In other words, I release first and worry about getting reviews after… or more accurately, I don’t stress about reviews in general.
Thanking People For Reviews
I generally thank people for reviews if they’ve let me know they’ve reviewed. If they haven’t made first contact in some way, I tend not to pop in from the blogosphere and haunt their blog, commenting about the review they just wrote. We authors tend to think of ourselves as the least intimidating people on the planet, but reader discussion about you and your work can easily be squashed if you’re in the room. I try not to do that, if at all possible. When people are talking about you or your books, it’s a good thing. Best to not mess with that!
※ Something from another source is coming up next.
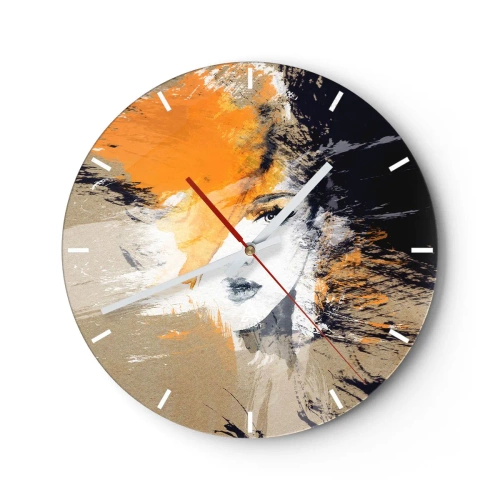 Väggklocka - Klocka på glas - Abstrakt porträtt av en kvinna i varma nyanser av orange och beige. - 30x30cm - Och så blir det ljus - Modern väggdekoration för vardagsrum, kök och sovrum ARTTOR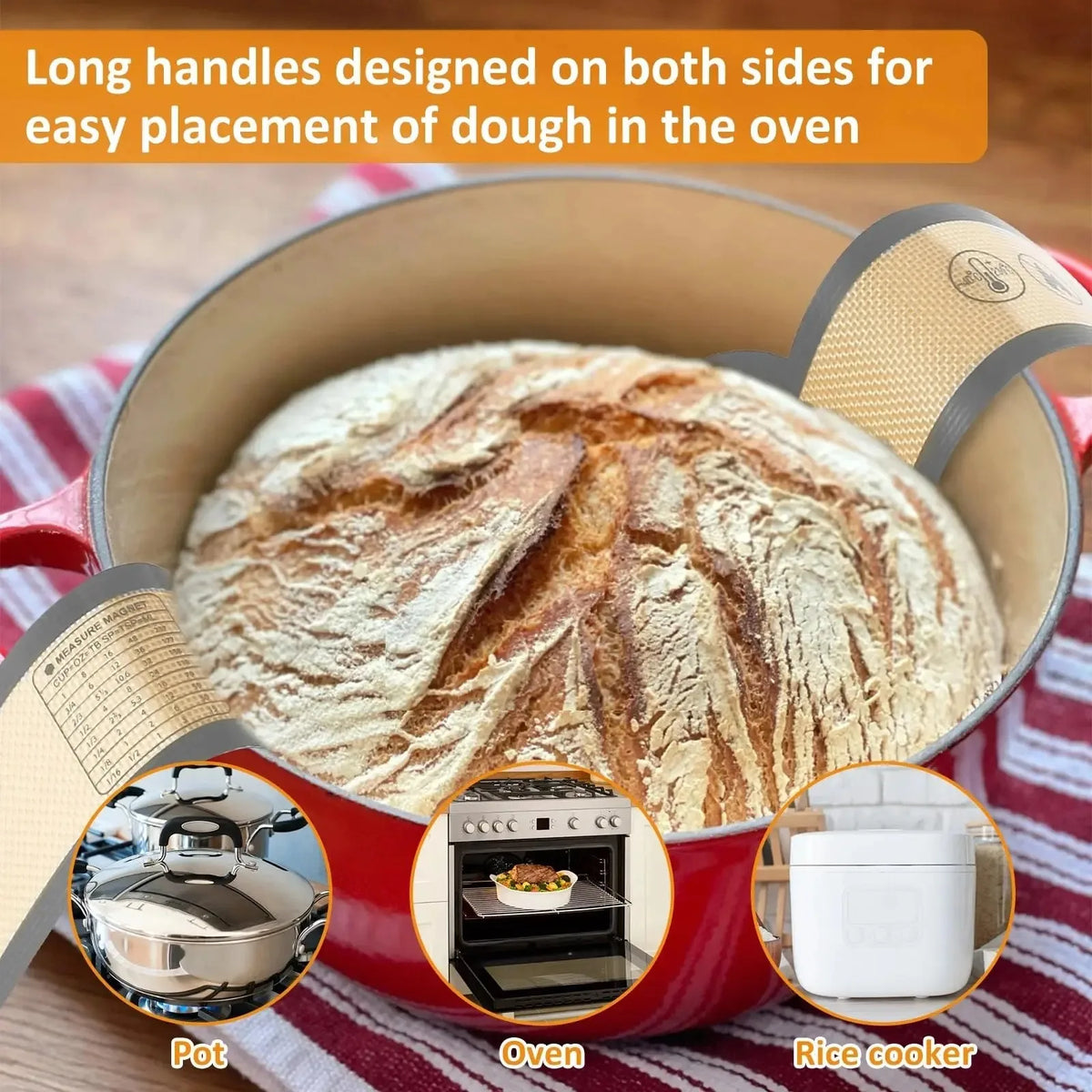 Silicone Baking Mat Long Handles Kneading Pad Dough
Don’t Stress About Reviews
I had a friend who was selling her new book like gangbusters, but not getting any reviews. She asked me how she could get more reviews – I asked her why she needed them, when she was already selling well! It may seem like getting reviews is the key to success, but it’s truly not. Getting people interested in picking up the book and reading it is the key to success. If you have enough of that, the reviews will come on their own (from fans). You can use reviews to fish outside your own backyard (by having book bloggers review, and thus give you exposure to other ponds), and reviews will eventually feed the Amazon algorithms, but they are not going to make or break your book. This is especially important to remember when you have a bad review. Don’t be that psycho author that has a public meltdown about a review. Don’t give that much power to your critics. Your life and writing will go on after they’ve had their fifteen paragraphs of spleen-venting about your prose… unless you self-immolate over it.
To Sum Up
Make some effort to get your book out there. Ask nicely for reviews in the back of your book. Be liberal with review copies and giveaways. Know that a lack of reviews or a bad review will not doom your book. Then let that birdie fly and concentrate on writing the next book.